ASSIGNED TASK - Find the line that holds "фото №18 Серьги" in the material below. Output that line and each one after it exactly, but not the pictures.

THE DATA -
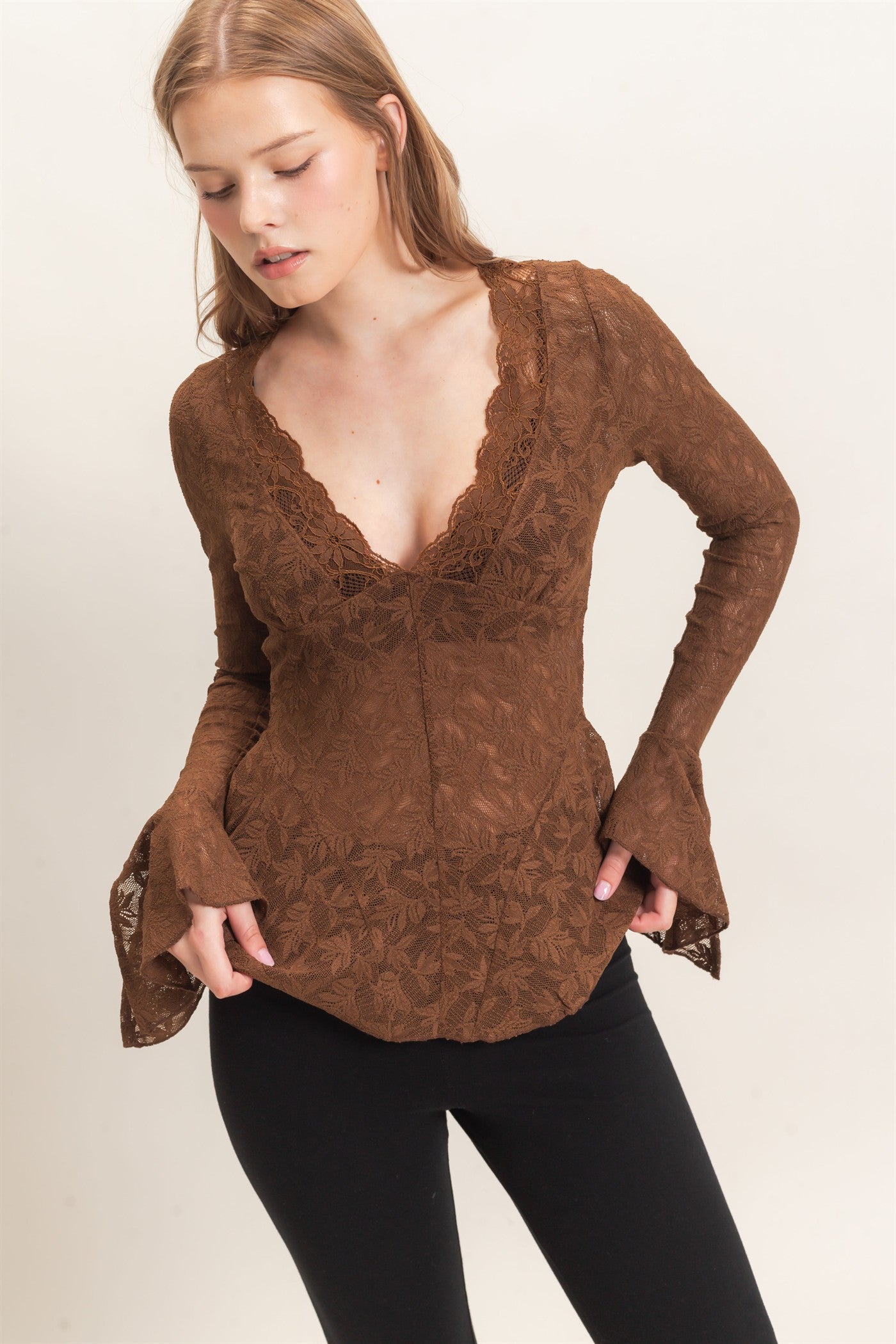 Wholesale Lace V-Neck Flare Sleeve Top Clothing Tops HF26E359 BROWN HYFVE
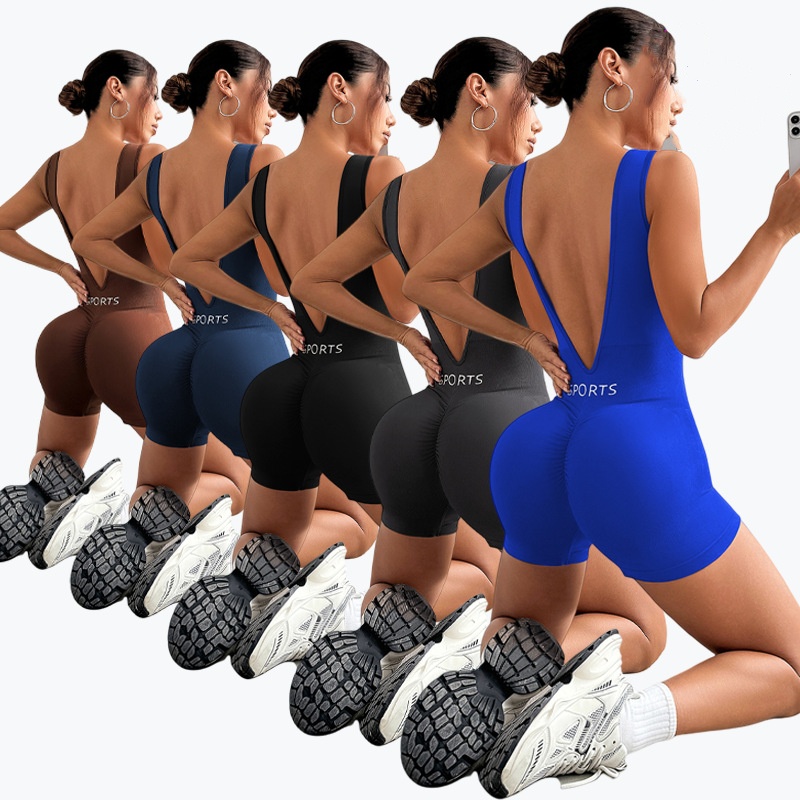 European and American women's fashionable deep V-waist slim yoga jumpsuit shapewear fitness suit tight fitting sportswear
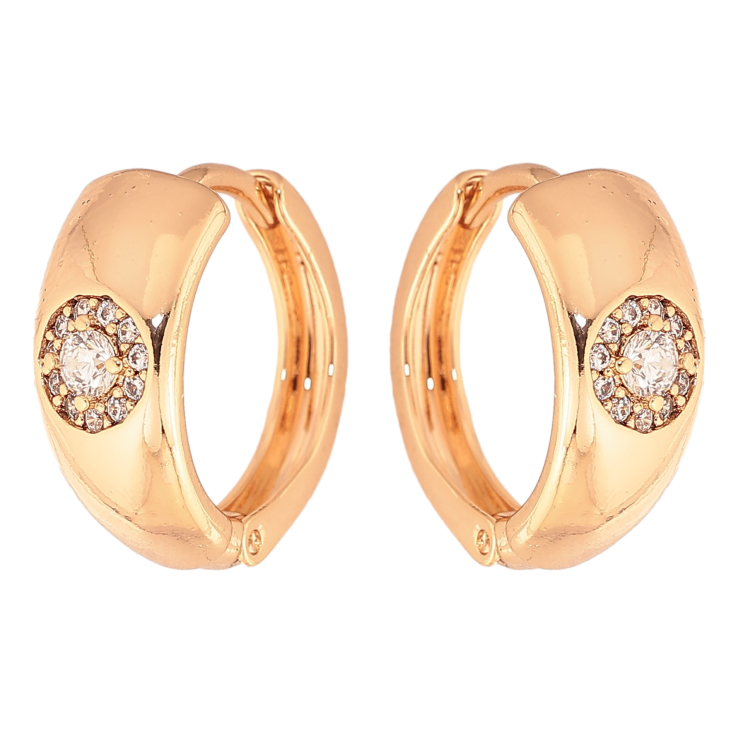 Серьги Xuping цвет Позолота 18K колечки "Узор с кристаллами" фото №18 Серьги Xuping цвет Позолота 18K колечки "Узор с кристаллами" фото №18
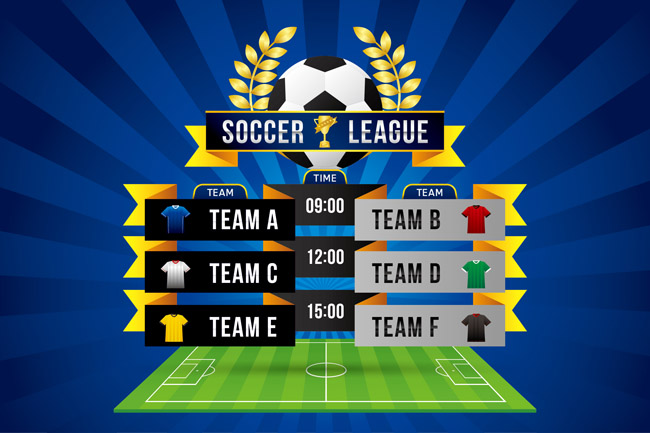 足球比赛蓝色背景球队信息海报设计素材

TASK OUTPUT -
 Серьги Xuping цвет Позолота 18K колечки "Узор с кристаллами" фото №18 Серьги Xuping цвет Позолота 18K колечки "Узор с кристаллами" фото №18
 足球比赛蓝色背景球队信息海报设计素材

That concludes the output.